Yea, the positions, pm, bonds, and molecules arguments are special and need to be provided in the correct order. bonds and molecules are keyword arguments on the way in, and on the way out they are provided as the penultimate and the last return objects, respectively. Any order is fine for the rest of the input, as long as the output uses the same order as the call to domain_decomposition, i.e.

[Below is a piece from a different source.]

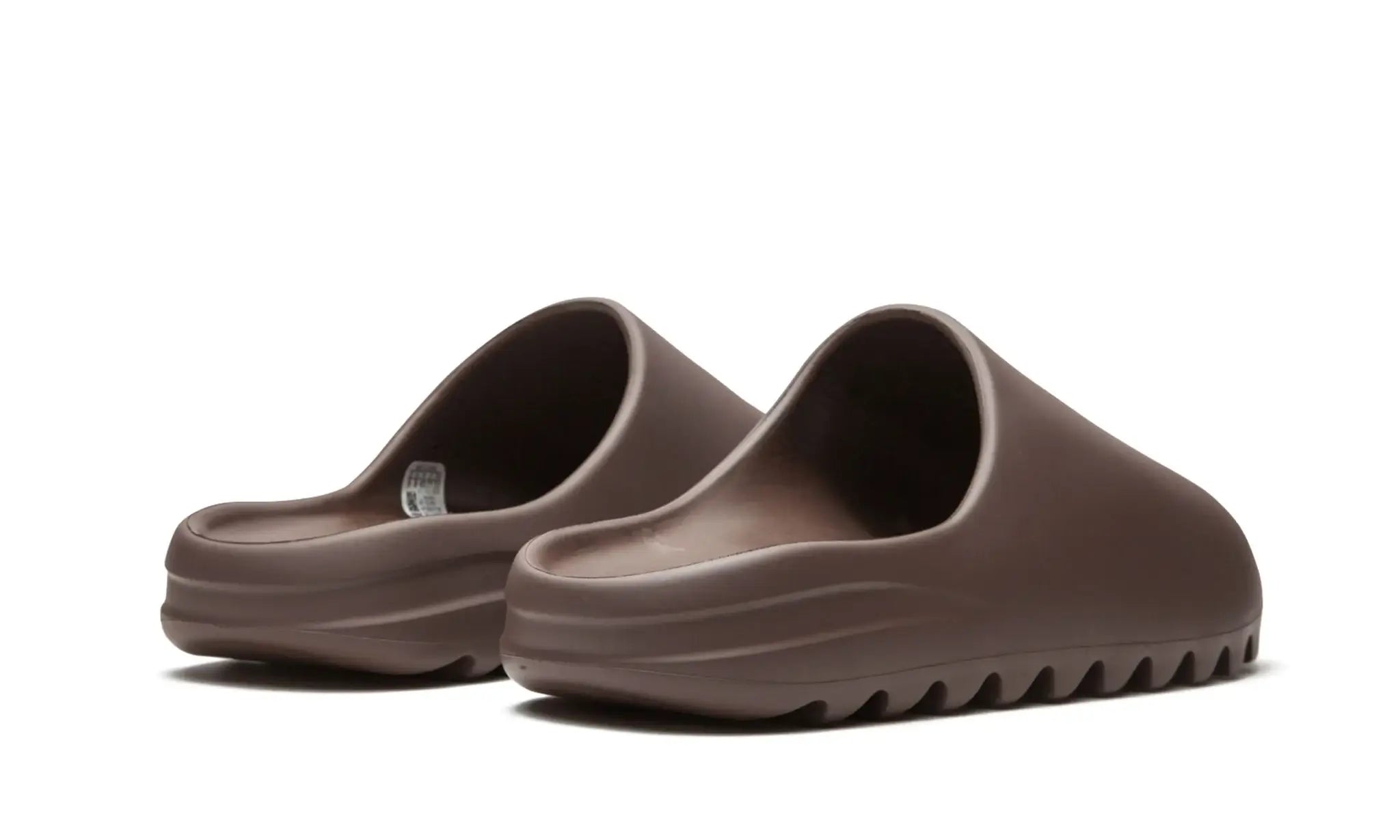 Adidas Yeezy Slide "Soot" Marrom - G55495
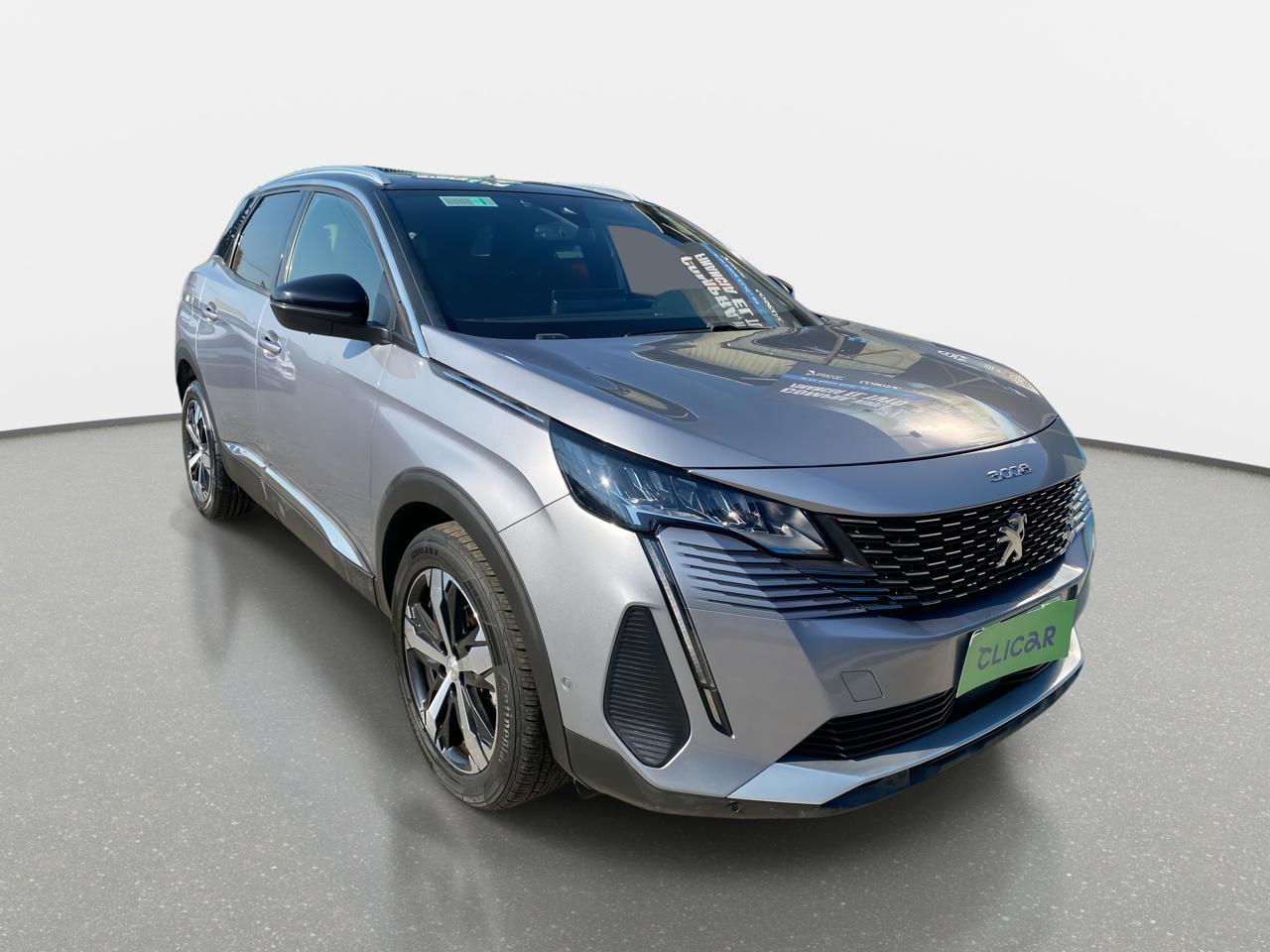 Station Wagon Peugeot 3008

                dd = domain_decomposition(
                    positions,
                    pm,

                    you,                                        # <-- 
                    can,                                        # <--
                    put,                                        # <--
                    what,                                       # <--
                    ever,                                       # <--
                    here,                                       # <--

                    molecules=molecules if molecules_flag else None,
                    bonds=bonds if molecules_flag else None,
                    verbose=args.verbose,
                    comm=comm,
                )
                (
                    positions,
                    bonds,

                    you,                                        # <-- 
                    can,                                        # <--
                    put,                                        # <--
                    what,                                       # <--
                    ever,                                       # <--
                    here,                                       # <--

                    bonds,
                    molecules,
                ) = dd

[mortele]

This should be all taken care of now.